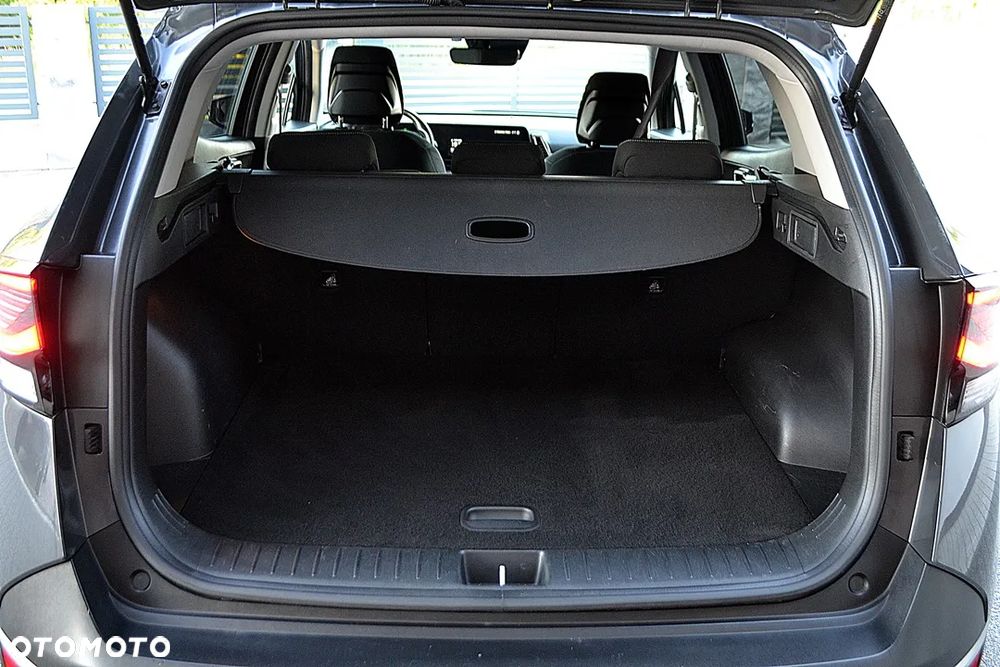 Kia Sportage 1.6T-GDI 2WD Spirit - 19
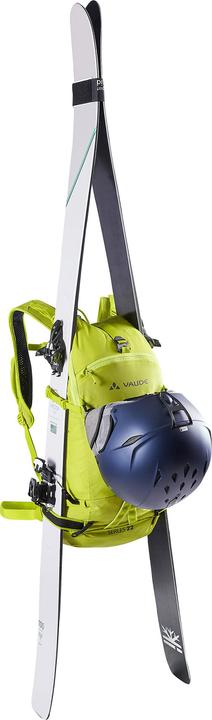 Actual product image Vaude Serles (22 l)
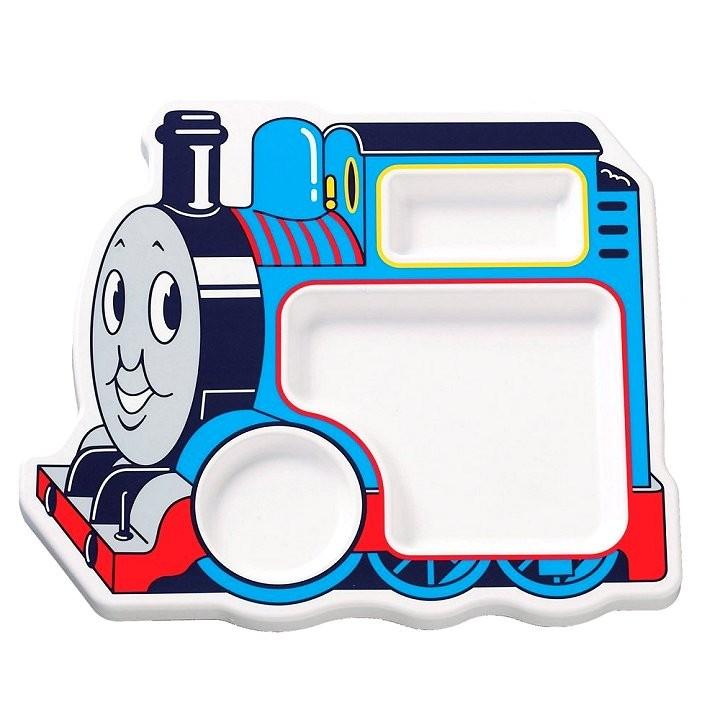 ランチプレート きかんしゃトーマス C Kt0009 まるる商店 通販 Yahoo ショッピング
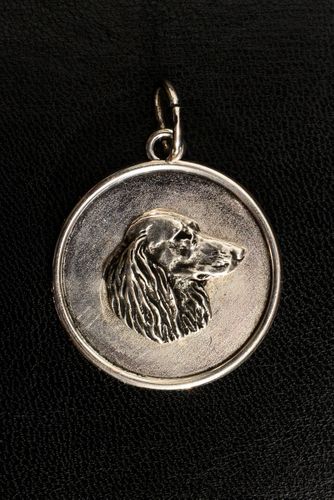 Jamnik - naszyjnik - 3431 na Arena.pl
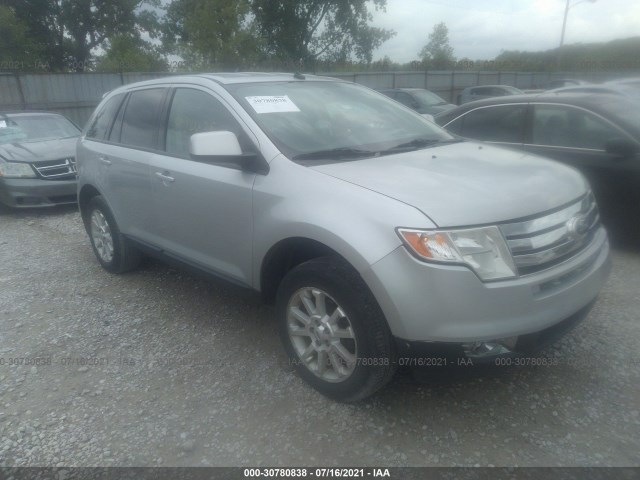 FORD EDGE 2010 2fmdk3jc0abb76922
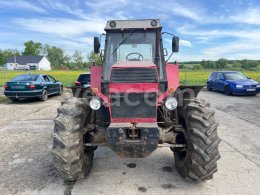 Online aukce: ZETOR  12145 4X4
==
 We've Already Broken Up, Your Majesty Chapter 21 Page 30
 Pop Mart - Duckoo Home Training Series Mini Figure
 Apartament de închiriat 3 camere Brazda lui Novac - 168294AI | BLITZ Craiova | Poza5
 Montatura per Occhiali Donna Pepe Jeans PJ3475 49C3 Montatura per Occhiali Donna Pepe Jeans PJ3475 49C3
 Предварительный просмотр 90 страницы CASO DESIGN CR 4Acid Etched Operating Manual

▸ **What to work on**
Look through the entries above and quote exactly the lines from the line with "Pop Mart - Duckoo" to the line with "Montatura per Occhiali Donna Pepe Jeans PJ3475 49C3 Montatura", counting both of those lines.

▸ **Solution**
 Pop Mart - Duckoo Home Training Series Mini Figure
 Apartament de închiriat 3 camere Brazda lui Novac - 168294AI | BLITZ Craiova | Poza5
 Montatura per Occhiali Donna Pepe Jeans PJ3475 49C3 Montatura per Occhiali Donna Pepe Jeans PJ3475 49C3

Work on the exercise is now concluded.